Studio album by Tomatito
- Released: 1987
- Genre: Flamenco, Gypsy jazz
- Length: 30:54
- Label: EMI

= Rosas del Amor =

Rosas del Amor is a 1987 flamenco album, the debut solo album of Spanish guitarist Tomatito. Note the album art and tracklist running order shown is from the 1997 CD reissue on Hispavox / EMI 100 and different from the original Hispavox 1987 LP release.

==Track listing==
1. Dedicado a Camarón (3:52)
2. La Chanca (4:03)
3. Rosas del Amor (4:04)
4. La Andonda (3:08)
5. Puerta de Sevilla (3:18)
6. Barrio Santiago (3:47)
7. Alejandría (4:09)
8. Soledad (4:33)

==Reception==
Richard Nidel considers Rosas del Amor to be an "important, groundbreaking CD."
Stewart Mason of Allmusic says of it, "Rosas del Amor is a legendary album in modern flamenco music; it wouldn't be far off to call it the Spanish folk guitar equivalent of Sgt. Pepper's Lonely Hearts Club Band.
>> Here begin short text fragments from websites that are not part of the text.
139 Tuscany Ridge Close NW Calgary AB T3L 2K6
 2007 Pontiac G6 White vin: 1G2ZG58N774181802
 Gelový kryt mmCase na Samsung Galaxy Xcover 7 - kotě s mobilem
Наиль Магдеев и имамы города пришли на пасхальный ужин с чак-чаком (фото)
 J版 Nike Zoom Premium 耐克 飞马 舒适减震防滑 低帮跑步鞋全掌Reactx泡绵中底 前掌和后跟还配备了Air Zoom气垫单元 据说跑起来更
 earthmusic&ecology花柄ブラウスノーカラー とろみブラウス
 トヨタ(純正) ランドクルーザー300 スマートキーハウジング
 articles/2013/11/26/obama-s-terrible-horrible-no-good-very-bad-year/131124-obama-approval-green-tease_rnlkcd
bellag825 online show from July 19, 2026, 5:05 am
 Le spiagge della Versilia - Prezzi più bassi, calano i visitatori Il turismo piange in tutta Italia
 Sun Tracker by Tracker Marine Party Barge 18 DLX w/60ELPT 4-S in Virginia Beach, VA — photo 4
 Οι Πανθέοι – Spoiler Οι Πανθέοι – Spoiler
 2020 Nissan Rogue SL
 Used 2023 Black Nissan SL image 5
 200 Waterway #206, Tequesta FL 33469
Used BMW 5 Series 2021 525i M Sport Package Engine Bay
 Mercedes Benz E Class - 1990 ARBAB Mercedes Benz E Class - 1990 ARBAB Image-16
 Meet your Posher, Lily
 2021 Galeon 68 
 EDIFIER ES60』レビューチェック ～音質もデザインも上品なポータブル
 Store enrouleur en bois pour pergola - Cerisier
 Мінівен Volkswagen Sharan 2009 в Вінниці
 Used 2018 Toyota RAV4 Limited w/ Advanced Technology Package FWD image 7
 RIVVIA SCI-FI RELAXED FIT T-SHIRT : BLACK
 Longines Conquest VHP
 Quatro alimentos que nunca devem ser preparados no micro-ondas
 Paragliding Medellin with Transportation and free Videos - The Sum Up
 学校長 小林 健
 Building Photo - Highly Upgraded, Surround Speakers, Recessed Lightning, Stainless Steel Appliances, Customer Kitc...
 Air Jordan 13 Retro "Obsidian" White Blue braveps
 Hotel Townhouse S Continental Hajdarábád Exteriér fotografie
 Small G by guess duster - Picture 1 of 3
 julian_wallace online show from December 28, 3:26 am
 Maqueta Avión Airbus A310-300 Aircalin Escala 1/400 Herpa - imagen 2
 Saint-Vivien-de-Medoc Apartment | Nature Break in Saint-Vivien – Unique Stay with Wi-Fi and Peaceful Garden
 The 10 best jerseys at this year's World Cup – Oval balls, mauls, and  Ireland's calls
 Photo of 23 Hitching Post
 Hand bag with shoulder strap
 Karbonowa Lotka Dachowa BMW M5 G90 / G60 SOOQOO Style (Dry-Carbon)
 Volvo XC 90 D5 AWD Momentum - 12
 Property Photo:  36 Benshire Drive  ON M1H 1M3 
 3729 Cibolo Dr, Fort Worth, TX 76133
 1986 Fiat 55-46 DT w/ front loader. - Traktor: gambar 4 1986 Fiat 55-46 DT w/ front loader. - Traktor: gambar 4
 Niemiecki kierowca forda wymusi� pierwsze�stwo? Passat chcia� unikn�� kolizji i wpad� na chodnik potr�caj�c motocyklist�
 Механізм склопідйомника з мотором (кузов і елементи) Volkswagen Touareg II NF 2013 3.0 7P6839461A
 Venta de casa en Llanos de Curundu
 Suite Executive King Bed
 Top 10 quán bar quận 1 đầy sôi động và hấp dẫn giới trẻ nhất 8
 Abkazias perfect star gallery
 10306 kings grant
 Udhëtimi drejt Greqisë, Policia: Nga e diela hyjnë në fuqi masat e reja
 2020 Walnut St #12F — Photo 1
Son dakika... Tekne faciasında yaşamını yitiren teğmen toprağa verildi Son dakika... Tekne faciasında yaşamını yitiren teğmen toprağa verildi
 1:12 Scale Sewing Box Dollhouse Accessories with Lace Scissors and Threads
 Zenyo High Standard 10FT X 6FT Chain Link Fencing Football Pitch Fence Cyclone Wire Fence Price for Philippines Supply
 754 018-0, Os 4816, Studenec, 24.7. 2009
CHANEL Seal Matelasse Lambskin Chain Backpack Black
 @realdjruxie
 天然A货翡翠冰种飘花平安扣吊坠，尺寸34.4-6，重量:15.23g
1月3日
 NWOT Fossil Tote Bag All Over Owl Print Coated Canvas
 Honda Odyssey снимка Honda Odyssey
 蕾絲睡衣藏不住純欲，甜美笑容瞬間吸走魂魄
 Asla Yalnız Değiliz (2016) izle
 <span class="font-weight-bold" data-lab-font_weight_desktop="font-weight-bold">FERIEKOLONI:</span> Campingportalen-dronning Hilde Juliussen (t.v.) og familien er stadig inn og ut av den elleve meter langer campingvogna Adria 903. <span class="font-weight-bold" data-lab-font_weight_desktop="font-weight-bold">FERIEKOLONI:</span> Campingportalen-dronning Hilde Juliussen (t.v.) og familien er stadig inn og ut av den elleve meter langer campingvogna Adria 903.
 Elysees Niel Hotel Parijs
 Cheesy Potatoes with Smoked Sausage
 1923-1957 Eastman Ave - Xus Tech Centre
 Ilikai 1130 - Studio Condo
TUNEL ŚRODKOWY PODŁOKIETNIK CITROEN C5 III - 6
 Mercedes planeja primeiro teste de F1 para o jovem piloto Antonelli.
Rosas del Amor takes traditional flamenco music and injects liberal amounts of jazz influence, specifically the French gypsy-influenced jazz of Django Reinhardt and Stephane Grappelli. The resulting intermingling of styles works beautifully, as the two forms of music (not as far apart as one might initially think) blend harmoniously into a fully realized, richly textured whole."